Hi,
My re-linq backend has been doing a lot for me (thanks, btw). But I am now in a situation where I’d really like to be able to write something like the following:
IQueryable<recoTree> r1, r2;
r1.Concat(r2).Plot(…);
My code is quite happy to do “r1.Plot(…)” and “r2.Plot(…)”. Of course, for many reasons, really doing the Concat there would not work generally.
However, in my case, I know how to add the result of r1.Plot() to r2.Plot(). So, I’d like to make, I suppose, the transform “r1.Concat(r2).Plot(…)” => “r1.Plot(…) + r2.Plot(…)”
I’m just staring to think about how to approach this, or how hard it would be in the re-linq framework. The main issue that I’m stumbling on is I’m turning what looks like one query and processing cycle in re-linq into two.
As a backup I could surface that “addition” in all places, there it will require a major change in my approach to using linq, and also it would end up looking very non-linq’y. 😊
Advice, or comments, or ideas on how to achieve this pseudo-Concat operator in re-linq?
Many thanks!
Cheers,
Gordon.
Hi Michael,
Thanks a lot for thinking about this. What you said might help, but I’m not sure yet. 😊 Let me try a longer explanation of what I’m thinking.

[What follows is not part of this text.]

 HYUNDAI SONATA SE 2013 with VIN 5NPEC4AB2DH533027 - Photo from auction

And along the way try to answer some of the questions in your email.
My re-linq provider is attached to a file. So all the data from that file is represented by one IQueryable<>. Now, I have multiple files, and I would like to stich them together into a single sequence, and send that sequence to my “Plot” result operator.
I have a functioning library based on re-linq that will allow me to send the sequence into the Plot result operator.

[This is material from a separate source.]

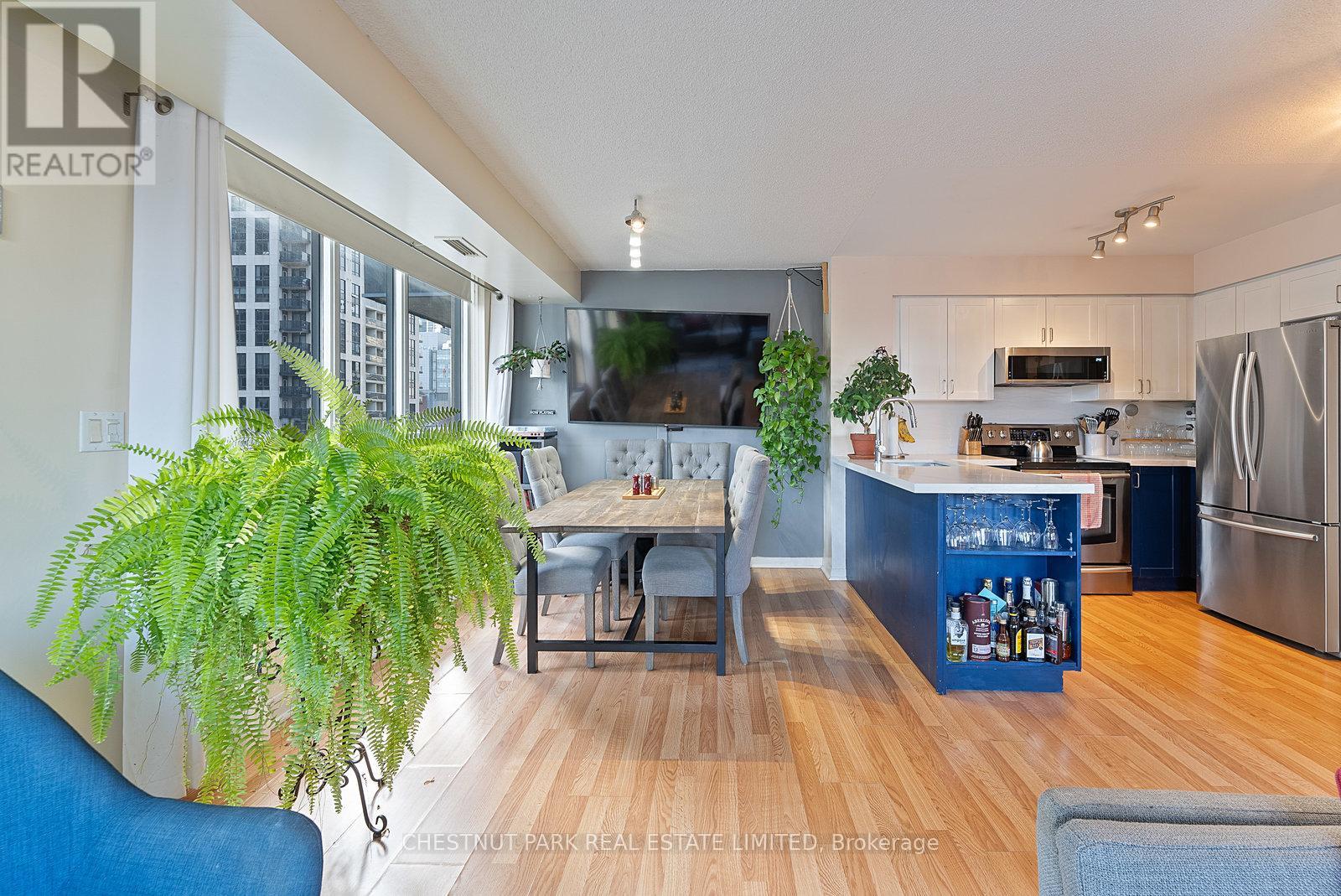 1404 - 76 Shuter Street, Toronto, Ontario  M5B 1B4 - Photo 14 - C12709870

Re-linq can’t concat arbitrary sequences from different IQuerable data sources for, I think, fairly obvious technical reasons. In my case, the LINQ sequence is converted to C++, and then run in custom analysis software against the data in the file. At some level, combining the files makes no sense.
However, combining the results makes a lot of sense. In this case it is a plot, and I can just “Add”. However, in other cases, it might be something else – like an integer, or a special kind of plot. Whatever, I, as the end user, have to provide the addition semantics.
So perhaps the proper way to represent is to change from Plot (Concat(r1, r2)) to Add(Plot(r1), Plot(r2)).
Now, your suggestion of doing PlotQUeriable.Concat(PlotQUeriable). I’d be happy to handle that – but I’m not sure how to do it in the relinq infrastructure. Re-linq currently fails with a complaint it doesn’t know how to do the method call Concat (which makes sense). But if I extend re-linq I’m not really sure how I would handle that. This is because Plot(Concat(r1, r2)) looks to relinq like a single query, and I need to transform it into a two queries: Plot(r1) and Plot(r2), and then add the results.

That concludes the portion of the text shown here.